History of Irish lace

Pegeen O’Sullivan reviews Lace and the Emerald Isle by Alan Brown. Sawbridge, Herts, £5 (ISBN 095 20668)

IF YOU look at any facet of life thoroughly you will learn some history. This excellent though modest book, born of a love of the craft of lace, is an illustration of this.

Alan Brown, an author fully in sympathy with Ireland’s lace-makers, explains that Ireland had no lace making tradition before the ‘famine’ (an ghorta mhór) because her economy was held below the Plimsoll line for luxury gods.

The famine saw the birth of the lace industry because certain philanthropic persons saw it as a way of enabling Irish girls to earn sums which, if pitiful in themselves, could at least postpone death by starvation.
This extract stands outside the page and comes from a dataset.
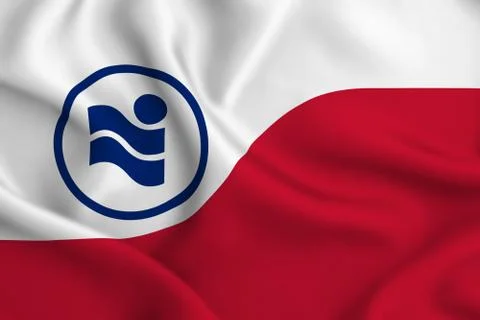 Irving Texas Stock Illustration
Training centres were set up by charitable persons, Church of Ireland clergy wives or aristocratic women and later by Industrial Training Schools and finally by Catholic convents.

It was soon found that institutions could make a very welcome addition to their funds by selling their pupils’ and students’ work.

In our own day in India parents crippled by debt and despair are sometimes reduced to selling their eight-year-old daughters to carpets weavers -- poverty produces misery everywhere.

Once again Alan Brown shows an historic perspective by pointing out that the reason why Ireland’s place in the European lace world fell into decline by the end of the nineteenth century was that Ireland was not industrialised and therefore could not compete with the cheaper machine-made product.

Having no tradition of lace, Irish lacemakers started with no developed designs though they were always praised for the quality of their work. It is good to know that they became very inventive with new techniques such as working on netting.